# Personal Loan - Unlisted Company



## thenewguyindubai (Jan 2, 2017)

Hi,
I have noticed that it's not easy to get a personal Loan in the UAE if the (Freezone) Company you work for is Non Listed with the Banks.

Do you know of any financial institution that gives out a loan to non listed company employees, with 55k monthly salary and no other loans taken?
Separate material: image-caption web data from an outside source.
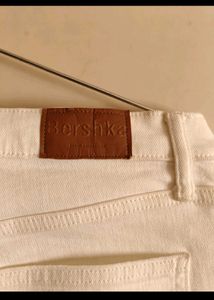 Bershka White Jeans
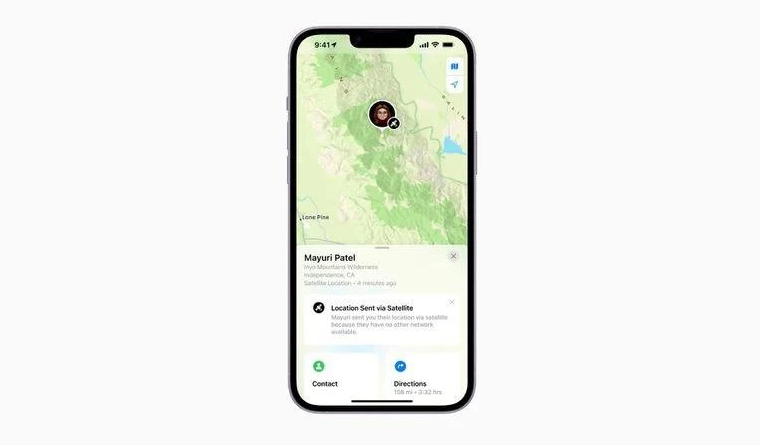 大新苹果14维修分享iPhone14系列中 FindMy功能通过卫星分享位置方法教程 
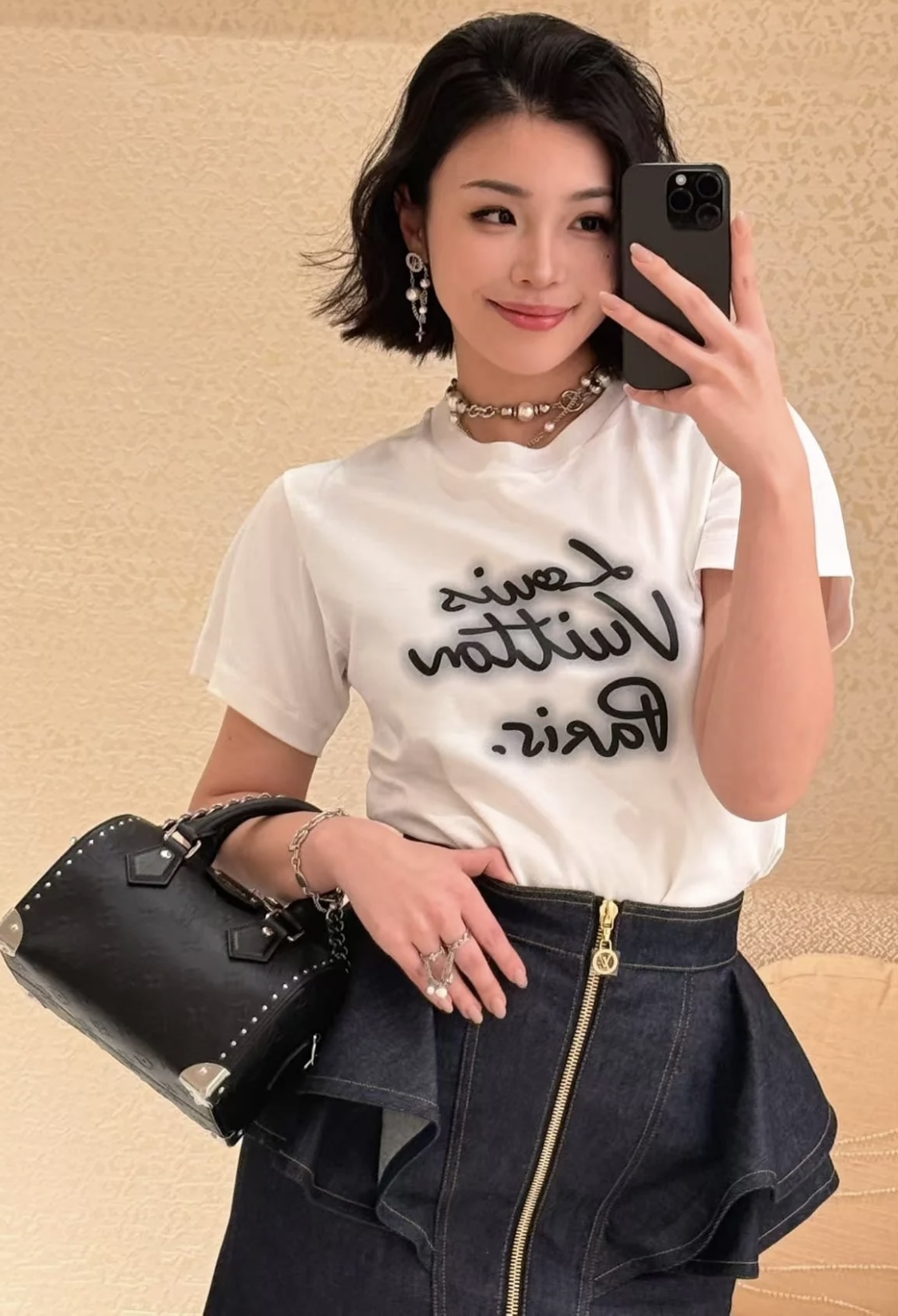 LV高仿珍珠垂墜耳環三色可選奢華優雅款｜歐美奢侈品精品推薦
I have found the comparing sites online to provide outdated/wrong information. Most of the banks listed there dont really provide a loan to a non listed employee.


thanks


----------



## Stevesolar (Dec 21, 2012)

Hi,
How long have you been with the company?
Will your company provide a salary certificate that states you have completed your probation period and that you are a confirmed employee?
The above is normally sufficient for banks like UNB or Emirates NBD to give a loan.
The bank may also insist that your salary is paid into a current account with that bank and that your company sends them a letter that confirms it will not pay into a different account - without informing them.
The loan interest rate is normally a bit higher for employees of unlisted companies.
Cheers
Steve


----------



## thenewguyindubai (Jan 2, 2017)

Hi Steve,

its 2 years now and salary certificate plus 3-4 months bank statement are not a problem at all.
However Emirates NDB want you to have a salary account with them 6 months before they give you a loan. Will try UNB now.


----------



## Racing_Goats (Sep 5, 2015)

If you need a loan with 55k salary I assume the amount you want is pretty significant, would expect banks to be wary of lending bigger sums of money when there's no existing relationship or other connection.
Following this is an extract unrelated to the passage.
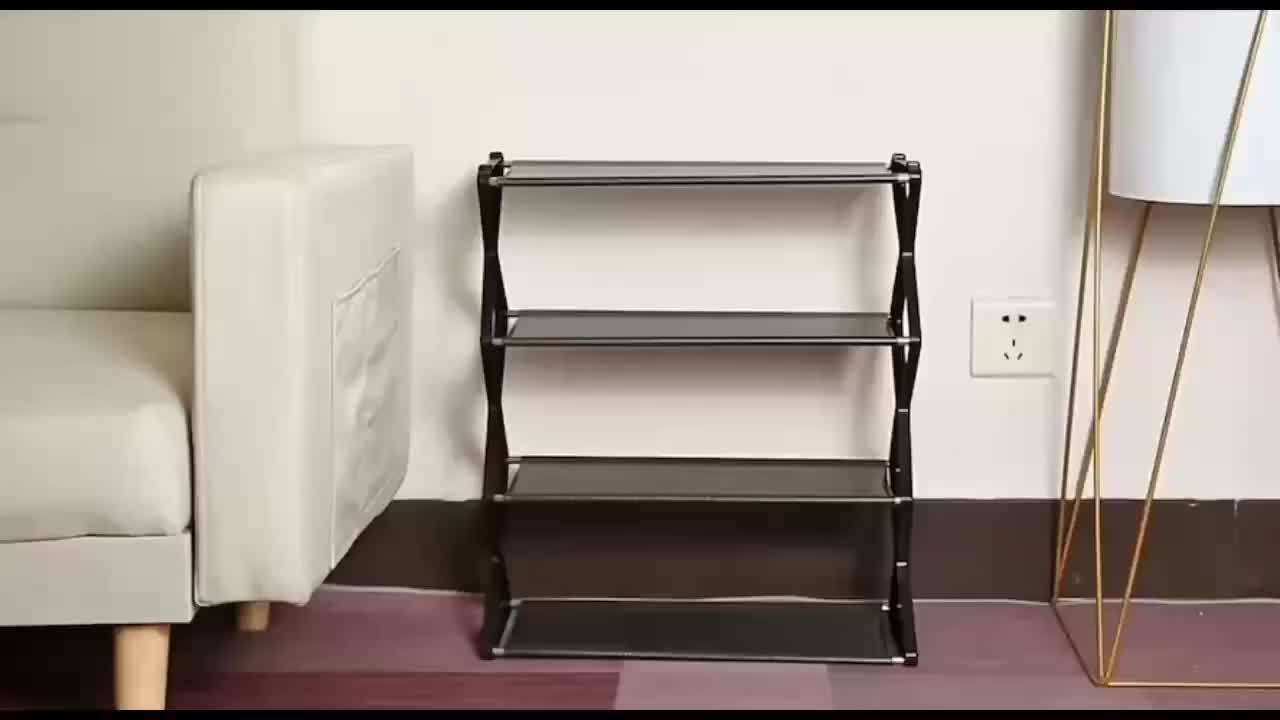 Elegant X-Shaped Metal Shoe Rack - Durable Iron Alloy, Easy Assembly, Space-Saving Design for Home & Dorm, Ideal for Storing Shoes and Accessories, Shoe Storage|Modern Shoe Rack|Durable Construction, Shoe Storage Rack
Sent from my iPhone using Tapatalk


----------



## The Rascal (Aug 6, 2014)

RAK bank are pretty good, they lend to the person at that level.


----------



## ThunderCat (Oct 28, 2015)

FGB is known for giving high risk loans, but they charge somewhere above 20% in interest, and you won't need to transfer the salary. There is also the infamous Dunia with their very high interest rates as well.

If you want a decent interest rate (Less than 3.5% flat) you would need to definitely transfer the salary to the bank.


----------